まだアルバムデビューもしていないが、間違いなくその将来を約束されているバンド、Pale Waves。その証拠に、彼女たちが今回のサマーソニックで用意された舞台は、マリンステージに次ぐキャパシティを誇るマウンテンステージであった。そのスケールに見合うだけの実力とカリスマ性を、このバンドは既に備えている。

 インディーポップやシンセポップと形容されがちな彼女たちのサウンドであるが、決して狭義のジャンルには回収されないだろう。その意味では、先日開催されたフジロックに出演したCHVRCHESに通ずるものがあるかもしれない。ロックバンドの持つスケール感と、肉体的な躍動感。Pale Wavesの場合はより繊細でダークなところがあるが、こちらに関してはレーベルメイトのThe 1975と共振している(共振も何もThe 1975のマット・ヒーリーとジョージ・ダニエルはPale Wavesのプロデュースに一枚噛んでいるが)。

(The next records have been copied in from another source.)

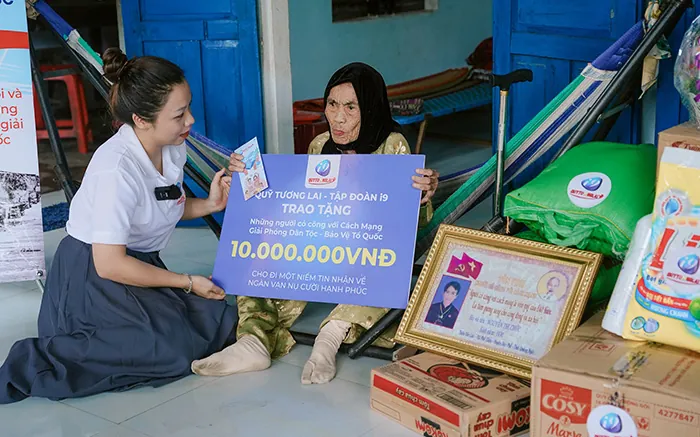 Biểu tượng liên hệ đội ngũ hỗ trợ khách hàng five88 .vin.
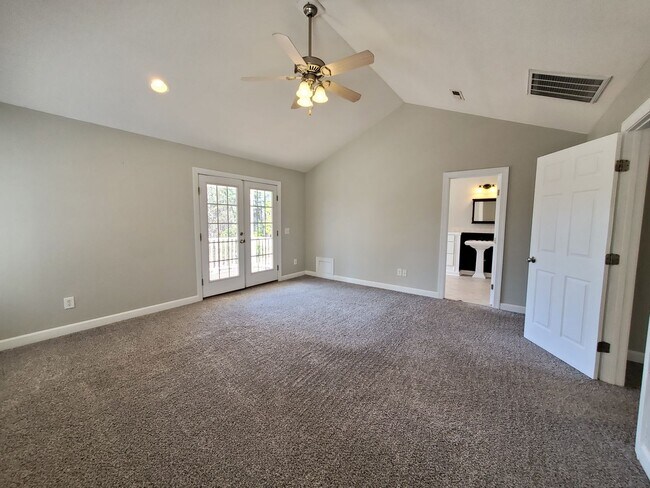 Foto del edificio - 958 Flynn McPherson Rd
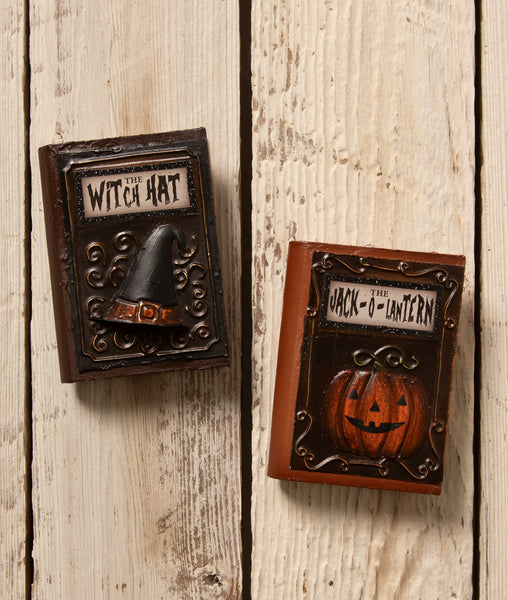 Jack-O-Lantern Book Ornament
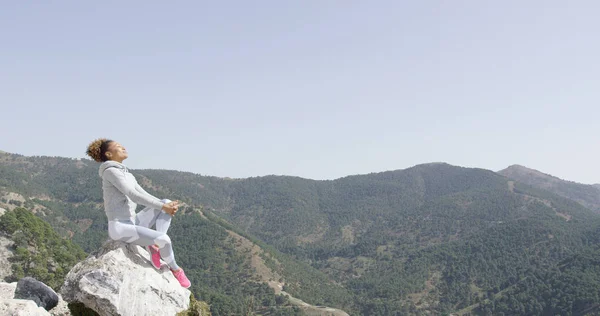Glückliche sportliche Frau auf dem Felsen — Stockfoto
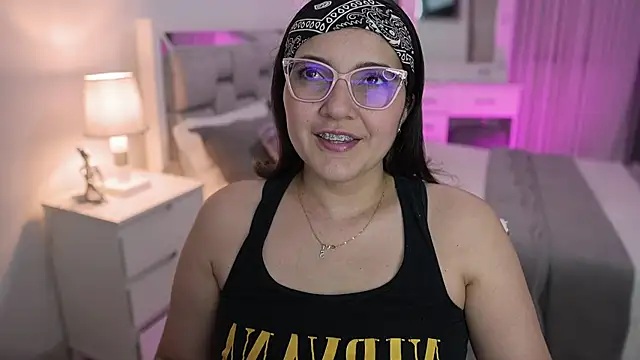 Snapshot of Camilaa_bueno chatting on 01-25-25, 12:59 Camilaa bueno online show from 01-25-25, 12:59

 さて、前置きが長くなってしまったが、Pale Wavesの概観は大体掴んでいただけただろうか。肝心なライブだけれども、一刻も早い単独公演を心待ちにしてしまうほど、素晴らしかった。一発目に披露された『Television Romance』から最後の『There’s A Hone』に至るまで、彼女たちの音楽は一貫している。「一貫」というのは世界観だけにとどまらず、もっと根本的で全体的な話だ。曲のプロダクションも一貫して同じアイデア(80’sを席巻したThe CureCocteau Twinsを想起させるような)が採用されている。これについて“ワンパターン”と揶揄される場合もあり得るだろうが、このワンアイデアにこそ彼女たちが大切にしているものが詰まっていると考えるとどうだろうか。屈指のキラーチューン『Eighteen』も漏れなく80’sシンセの雰囲気を感じ取ることができるが、素晴らしいアレンジも相まって、ライブでは涙腺を大いに刺激された。たとえ80年代を知らない世代が聴いたとしても強烈に郷愁を煽られる。この魔力は何だろう。
 80年代のダブリンを舞台にした音楽映画『シング・ストリート』の言葉を借りれば、“Happy Sad(劇中でThe Cureを説明するときに使われた表現)”ってヤツかもしれない。繰り返すが、一刻も早いPale Wavesの単独公演を待つ。